The issue was slated for further discussion at the Wednesday, Aug. 28 School Committee meeting.
He sought a recommendation on the issue from district legal counsel on how to proceed without an approved and signed Regional Agreement and was advised that the statutory method would be used until that happens.
The minimum local contribution takes into account inflation, enrollment, wage adjustment, property values, income and municipal revenue growth.
W-H has been funded through the alternative method since 1991, and, despite a 2007 recommendation from the Department of Elementary and Secondary Education (DESE) that all regional school districts begin using the statutory method, the district did not make that change. He said the 2018 revised Regional Agreement it is inferred that the statutory method be used, but not expressly written out.

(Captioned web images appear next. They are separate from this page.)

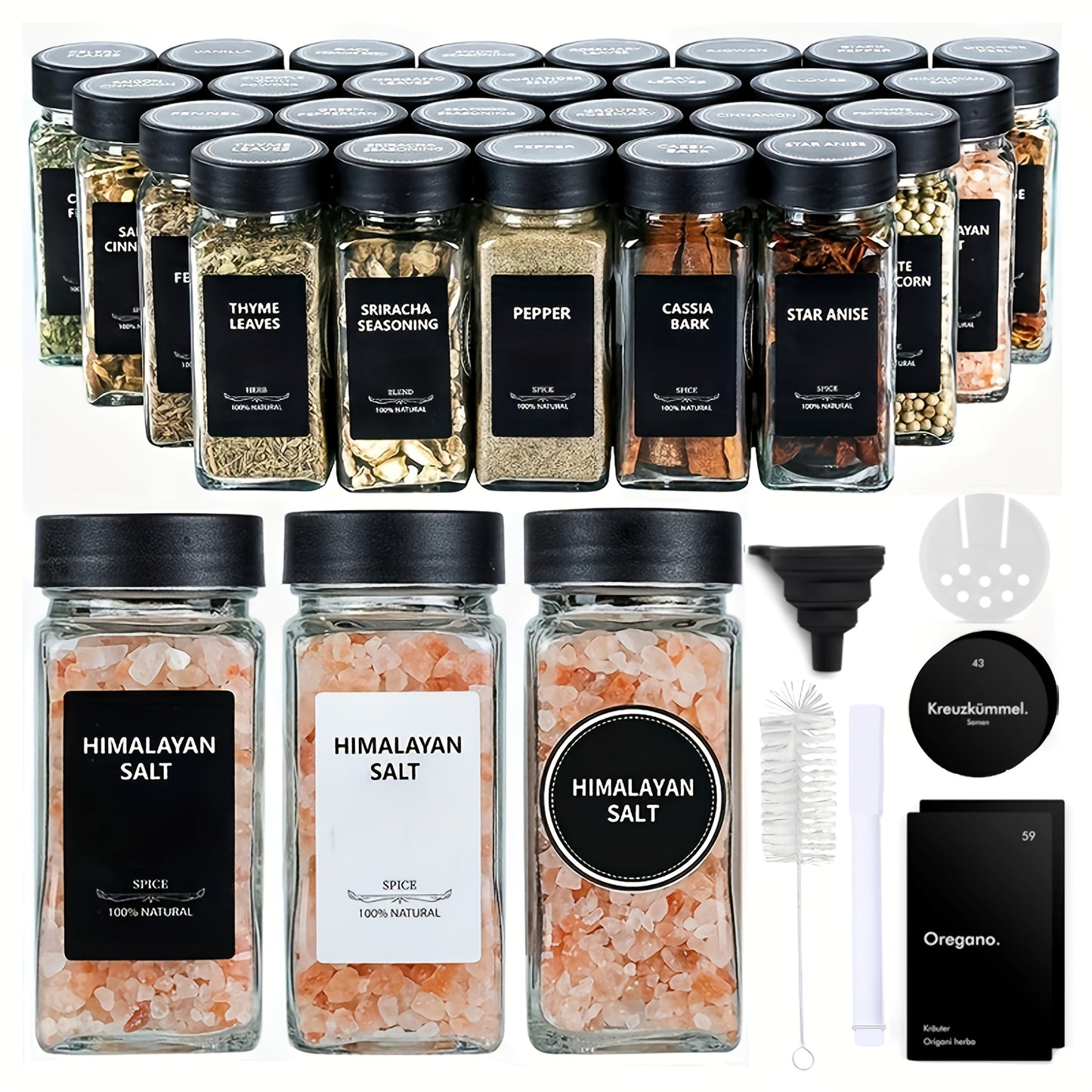 Set di 12/24/36 barattoli quadrati in vetro per spezie con etichette, contenitori ermetici da 4oz, coperchi agitatori a vibrazione e tappi di plastica sigillati, imbuto pieghevole incluso, barattoli decorativi MDecorative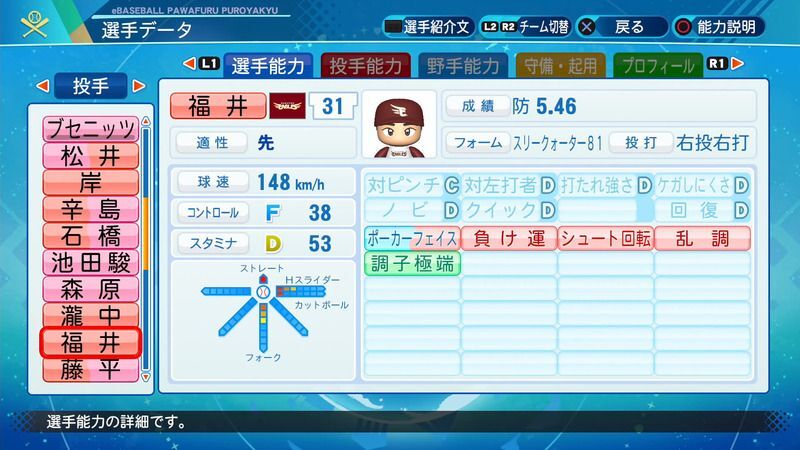 パワプロ21 福井 優也選手の能力 パワプロ21 攻略 Gamerch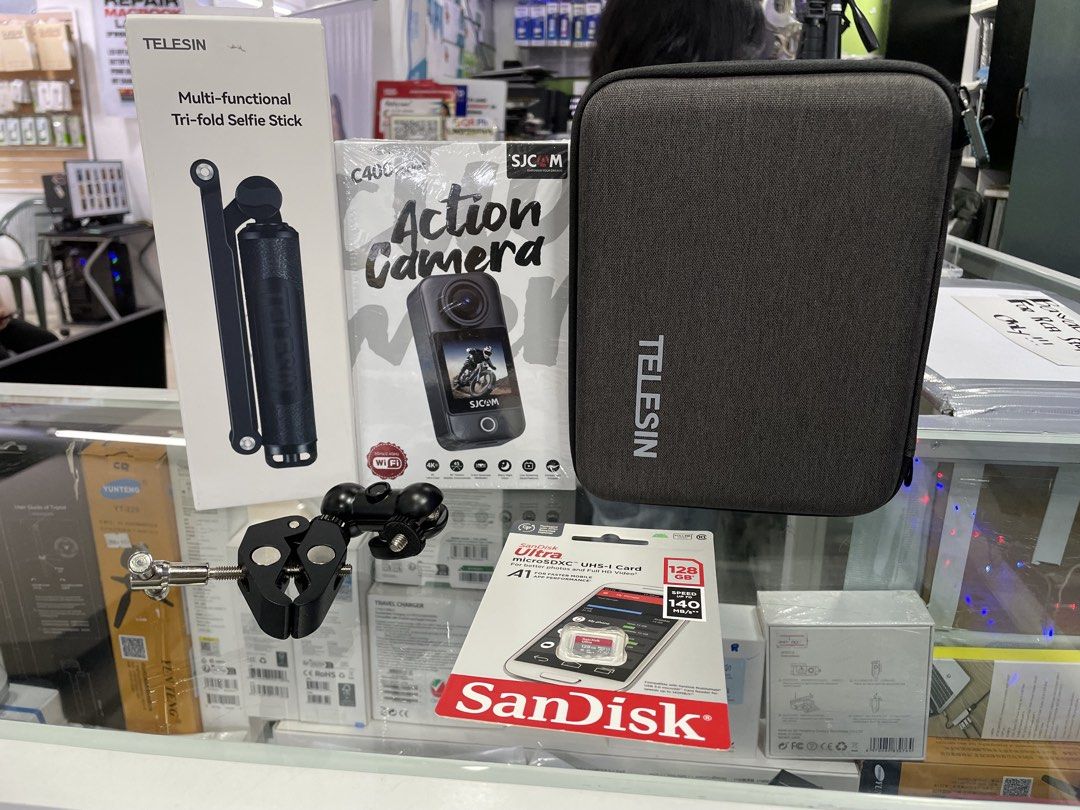 SJC400 POCKET BUNDLE (Category: Cameras) located in Manila. Submitted by christinec65086 (Listing ID 1461369823, Image 1). Description: - Complete action camera accessory bundle for SJCAM C400 - Includes Telesin tri-fold selfie stick - Comes with a Telesin carrying case - Features a versatile clamp mount - Comes with a SanDisk 128GB microSDXC card - Everything you need to start filming!.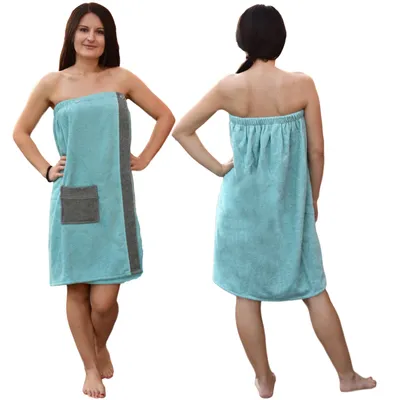 Produktbild von JEMIDI Saunakilt für Damen - Saunatuch Damen aus Baumwolle - Saunahandtuch mit Tasche - Sauna Kilt für Frauen - Handtuchkleid - Sauna Tuch Saunakleid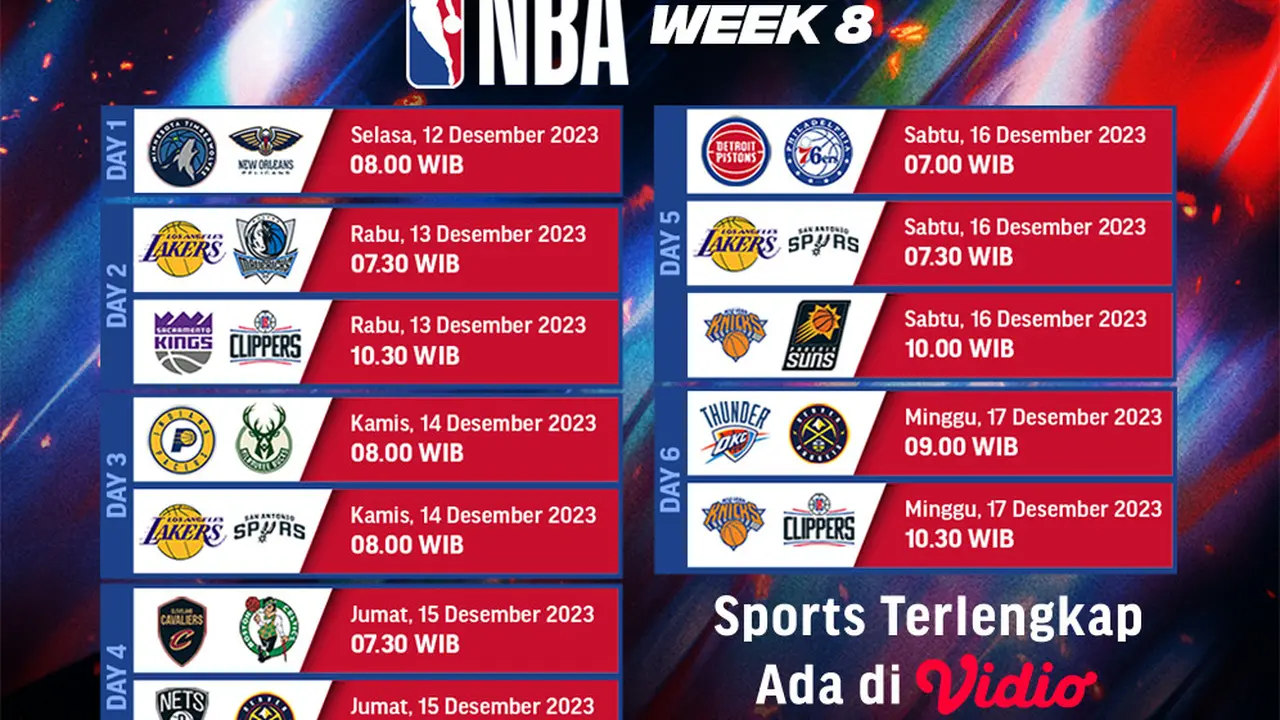 Jadwal dan Link Streaming NBA 23/24 Week 8 di Vidio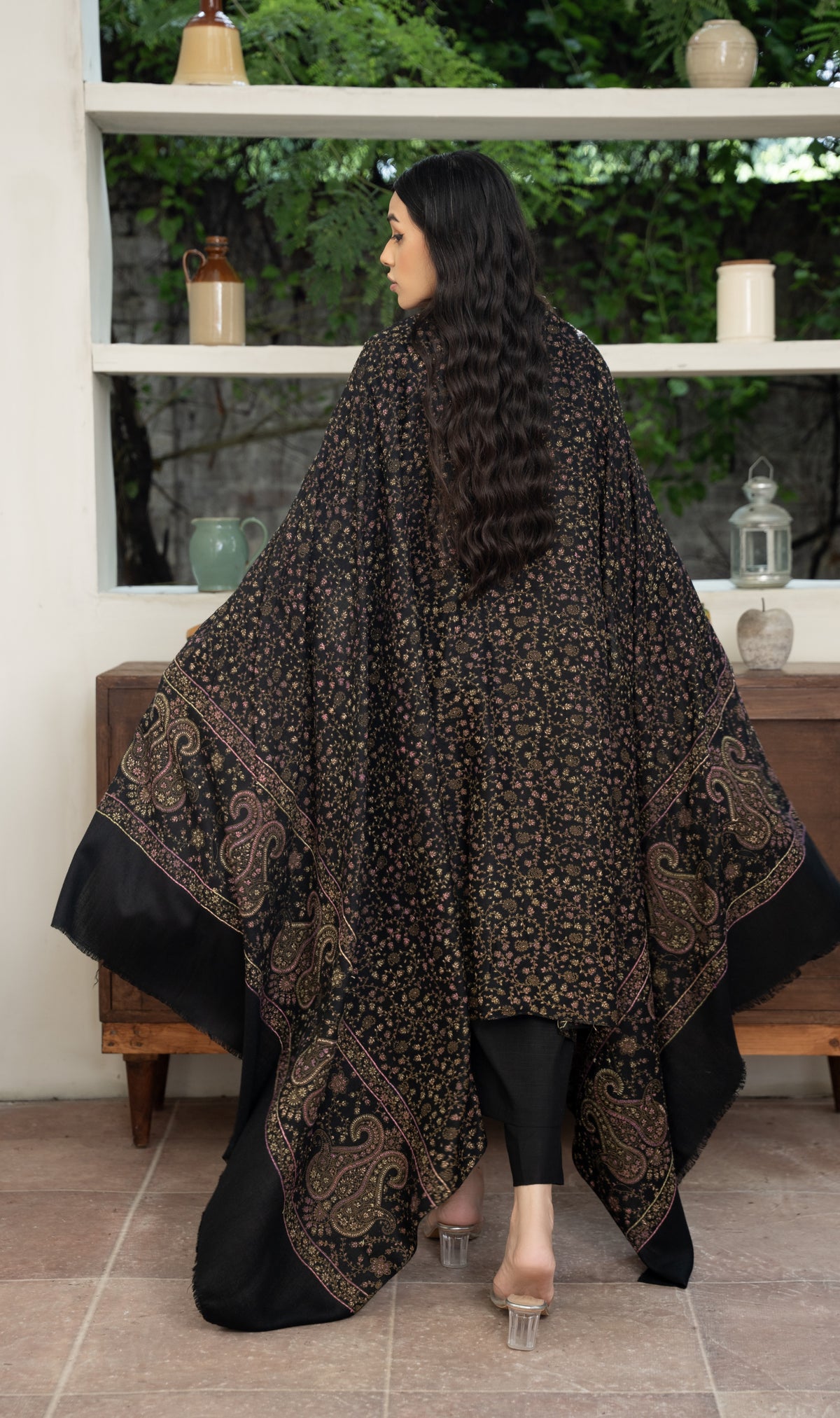 Black Full Hand Embroidered Pashmina Shawl
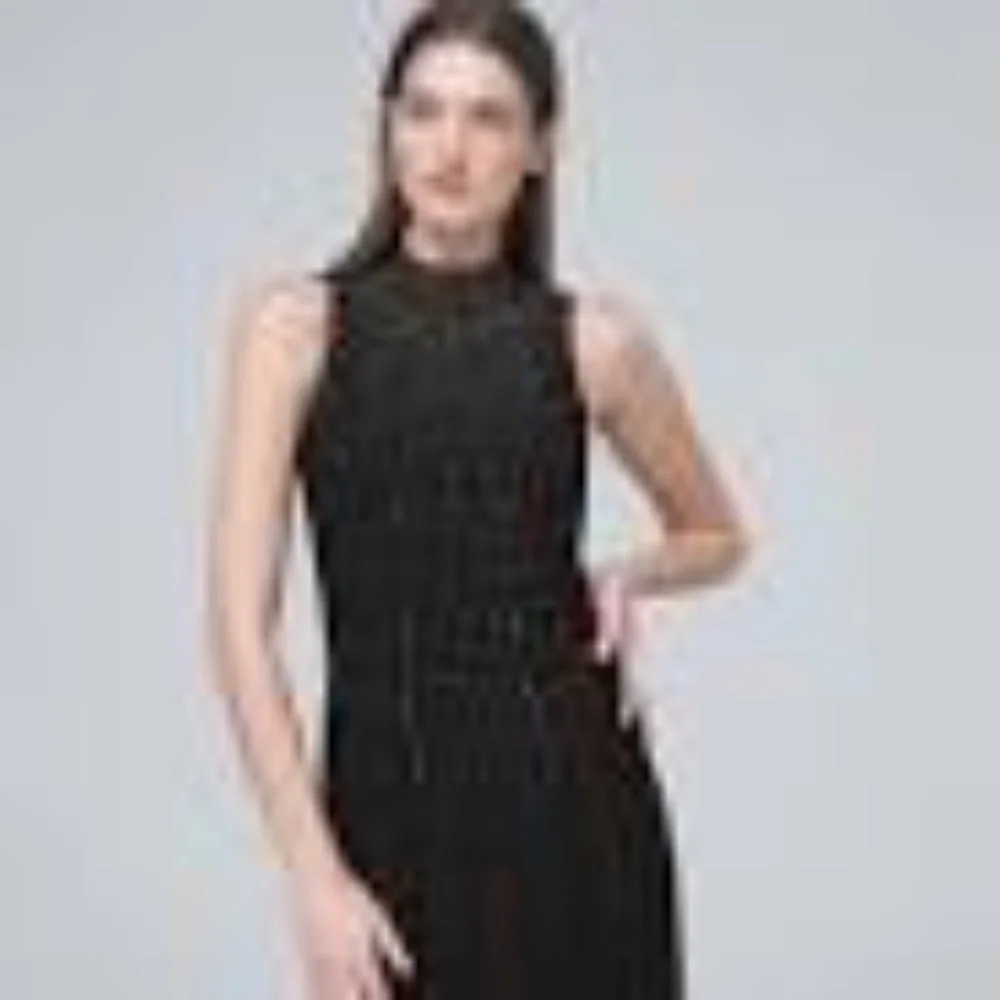 WHBM Black Embellished Shift Dress in sz small EUC - Picture 2 of 8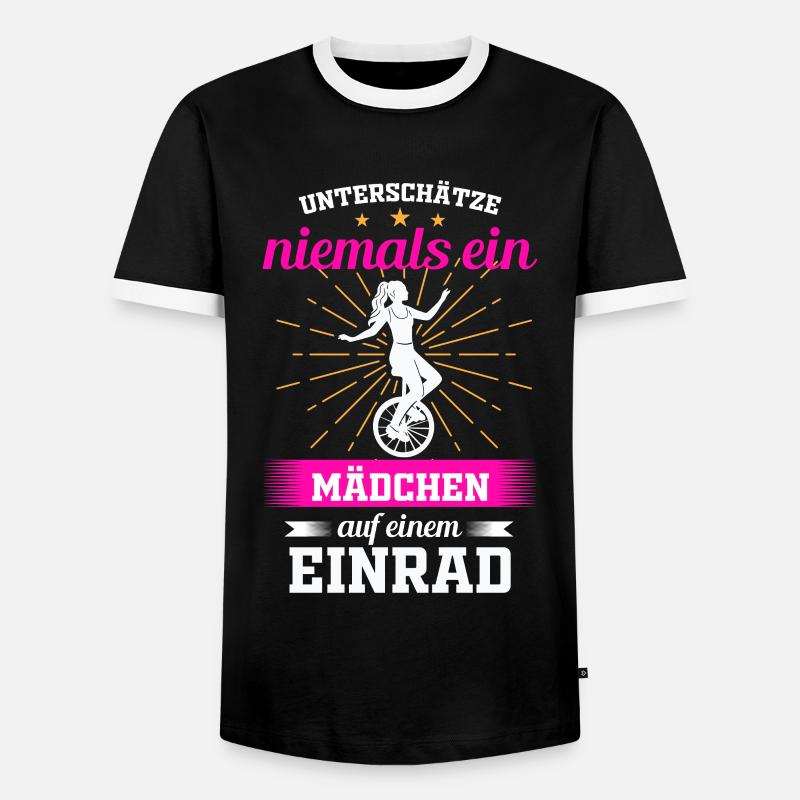 Lustige Mädchen Einrad Sprüche Geschenkidee - Männer Kontrast-T-Shirt - Schwarz/Weiß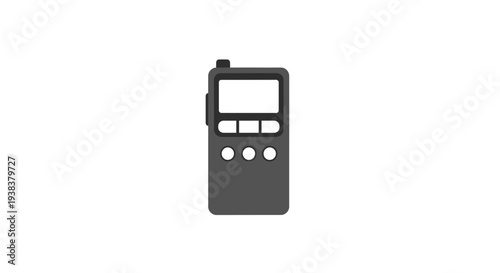 Small gray electronic device with screen.
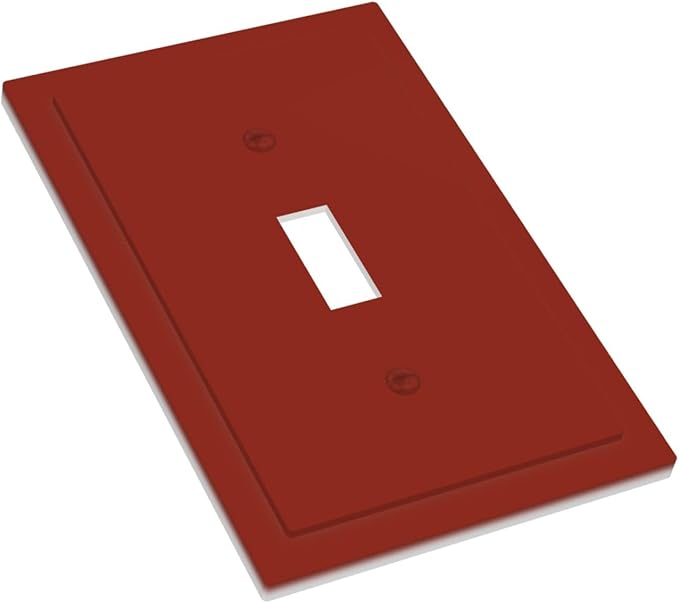 Decorative Solid Maroon Red Toggle 1-Gang Toggle Light Switch Cover, Colored/Color Thick Grape Wine Red Brown Single Electrical Device Switch Face Wall Plate One Gang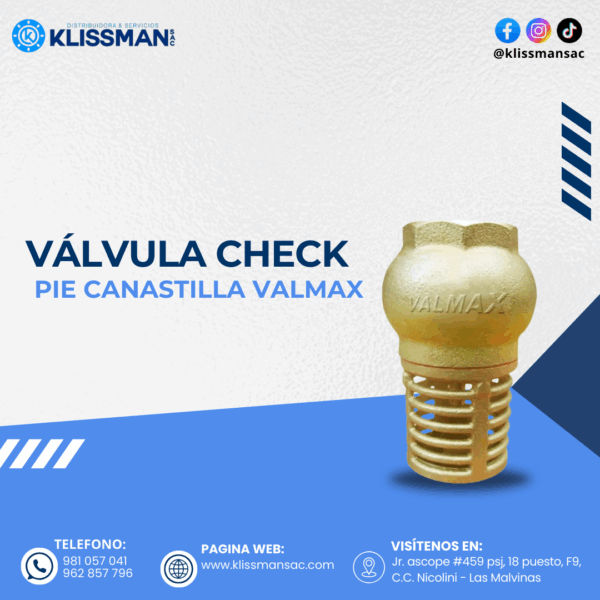 VÁLVULA CHECK PIE CANASTILLA VALMAX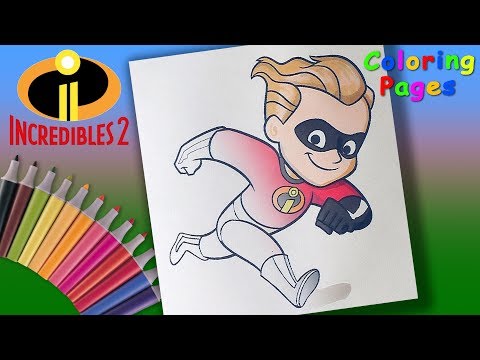 Incredibles 2 Dash Coloring Book Pages for Kids Video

Selectman Jim Hickey said he would be interested in looking up School Committee minutes from those discussions to determine why the DESE memo was not recommended at that time.
Selectmen Chairman Laura FitzGerald-Kemmett said it was likely at the time that, while DESE was recommending, but it wasn’t required.
“It seems as time has gone on, it’s a firmer position that DESE’s taking,” she said.
“When DESE usually recommends, that means it’s in effect,” Szymaniak said, adding that he does not see that yet, but noted Dennis-Yarmouth is also grappling with the question.
FitzGerald-Kemmett also asked about the dollar amount Hanson would be shouldering, noting she had heard it to be about $900,000. Szymaniak confirmed that figure and said Whitman has not yet put the Regional Agreement on any warrant for a fall Town Meeting.
“We definitely appreciate the heads-up,” she said. “We appreciate being told about it.”
Whitman’s Override Evaluation Committee has hired consultant John Madden to conduct and audit/needs assessment, based on where the town could be financially in five years.
Marini said she has discussed the issue with Town Accountant Todd Hassett, who said the statutory agreement would likely be the one that would be used, based on his experience in other communities.
“We really need to know this sooner, rather than later, for planning purposes because that’s a significant amount of money and we have no magical way of making that money appear,” FitzGerald-Kemmett said.
“This isn’t unique to the W-H School District,” said School Committee Chairman Bob Hayes, a Hanson resident, who attended the Selectmen’s meeting. “This is popping up with Regional Agreements across the state. As you can see, every attorney has a different opinion on it, but it looks like it’s going to fall over on the statutory method.”
He said he expects it to be challenged legally.
In theory, Szymaniak said the agreement could be voided at town meeting and changed to the alternative method, but that the absence of any contract or an expressly worded change, it would default to the statutory method.
The water/sewer bill, discovered by Whitman’s new water superintendent in February, would be split 60-40 without DESE’s involvement.
Since the high school was built in 2004, incorrect bills from the Whitman DPW — said to be caused by human error — have left the School District with not only a $300,000 bill, but no accurate idea of the actual water cost for future budgets.
“That’s a heck of an error,” said FitzGerald-Kemmett.
“A heck of an error and it says human error on the bill,” Szymaniak said. “I have kind of kicked that can down [the road] because of the bigger issue right now.”
The district’s legal counsel is reviewing the situation, but current case law only covers a case of going back about seven years to rectify bills caused by human error.